I do not know why I asked him if he wanted to come with me that day. Maybe I was having doubts on my ability to find my way to her house which was about an hour drive from his. I had been there before and I knew the way. We got into his car, but I insisted on driving. It was my way of being in control. Once we began our trip, he suggested a flower shop, claiming they had the best flowers. Though the shop was a bit out of the way, he was right; they offered the most beautiful aromatic and bold colored flowers I had ever seen. Our drive continued on with sporadic small talk. As we approach her house, I began to have second thoughts about visiting, and admitted this to my father. After all, she was just home from the hospital and I was unsure if she was up to having too much company. I told him that I was going to run the flowers and gift into her and he should wait in the car. I rang her doorbell and her husband greeted me. I followed him to where my friend was resting. She was lying down, but her eyes were opened as I entered the room. Our eyes met and our smiles were harmonious. I knelt down and hugged her tightly, explaining that I could only stay a minute because my Dad was waiting in the car. In a voice sounding with disbelief she says, “You go get him and bring him in.” I knew by the sound of her voice not to argue. I quickly went out to the car to tell him to come in. He seemed eager and excited to be included. The four of us spent the next two hours exchanging stories and laughs. Time passed easily. Eventually, I assumed my friend must be tired, and decided to leave. We shared our goodbyes and hugs, and my father shook her hand and thanked her for having us in.
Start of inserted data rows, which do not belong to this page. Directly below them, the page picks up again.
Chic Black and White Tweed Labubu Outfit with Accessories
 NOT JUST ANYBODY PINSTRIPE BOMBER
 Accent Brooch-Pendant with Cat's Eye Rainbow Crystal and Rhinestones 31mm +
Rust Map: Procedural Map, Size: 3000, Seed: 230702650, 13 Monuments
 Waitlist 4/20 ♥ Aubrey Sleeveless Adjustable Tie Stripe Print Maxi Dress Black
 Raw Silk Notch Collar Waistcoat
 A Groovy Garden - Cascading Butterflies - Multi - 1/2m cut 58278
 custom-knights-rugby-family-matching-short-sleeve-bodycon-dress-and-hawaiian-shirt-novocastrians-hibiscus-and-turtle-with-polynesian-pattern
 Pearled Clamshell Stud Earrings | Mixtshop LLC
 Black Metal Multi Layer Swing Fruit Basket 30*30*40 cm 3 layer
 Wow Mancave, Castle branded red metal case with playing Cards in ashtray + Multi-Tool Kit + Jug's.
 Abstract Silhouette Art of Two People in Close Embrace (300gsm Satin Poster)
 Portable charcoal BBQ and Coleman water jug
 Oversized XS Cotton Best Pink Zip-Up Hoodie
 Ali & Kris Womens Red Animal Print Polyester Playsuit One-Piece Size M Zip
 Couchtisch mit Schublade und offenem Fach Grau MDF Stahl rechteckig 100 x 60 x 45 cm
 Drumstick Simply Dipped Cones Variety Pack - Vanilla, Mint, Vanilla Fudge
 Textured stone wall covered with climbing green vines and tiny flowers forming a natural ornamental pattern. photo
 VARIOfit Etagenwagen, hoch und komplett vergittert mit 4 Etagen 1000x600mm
For some unexplainable reason, at that moment all of my bitterness toward him vanished. I came to terms with our past and I allowed him into my present. We spent the remainder of the day laughing and talking as if there had not been decades of anger and resentment.
I often think about that day and what shaped his lifestyle and demeanor. At times, alcohol was a major factor. He viewed money as a god until well toward the end of his life. I think about how he was raised by a father who never allowed him a voice or any freedoms. Physical punishment was the norm. Talking was forbidden at their dinner table. Often I wonder how his childhood affected his ability to healthily embrace fatherhood.
Due to my experiences with my father, I was curious to see my classmates’ reactions to the father and son in Cheever’s story. I know there are others out there who have experienced similar relationships. I have read many self help books and listened to many experts. Their message is always that it is better to forgive. For many years I tried. What I realized that day was that there is no way for someone to force themselves into any act of forgiveness. Through my relationship with my father, I feel as though it is a gift that can only be received or given and not forced. Once it is bestowed, it can change a life forever. If not accepted, a heart remains heavy with sadness and resentment.
I talk to my friend often about that day. Her cancer is still with us; my father is not. I believe it makes her proud and enriches her life knowing that she played a pivotal part in the lives of my father and me. Before arriving at her house I had asked him to join me, something I had never done before. He was quite intent on taking me to the finest flower shop, going out of his way for someone he didn’t know. On that day, she allowed the two of us to share in her life, giving us a commonality. Though her body was so tired and sick, she still demanded that we “both” pay her a visit; she would accept nothing less. We both had to share her world and ultimately we ended up sharing our own with each other.
During my week at the beach, two of my closest loves in my life got dealt hard blows. It's hard for me to not think that life is not fair. But as I re-read this paper, I remind myself about the power of forgiveness and how it coincides with the power of love and how lucky and blessed I am every day.
Beth called when I got home to make sure we had made it okay. She also insured me that she would be coming to Portland to stay with me a while. And we ended our call the same as we have done for years, each meaning what they say and each needing to hear...."I love you".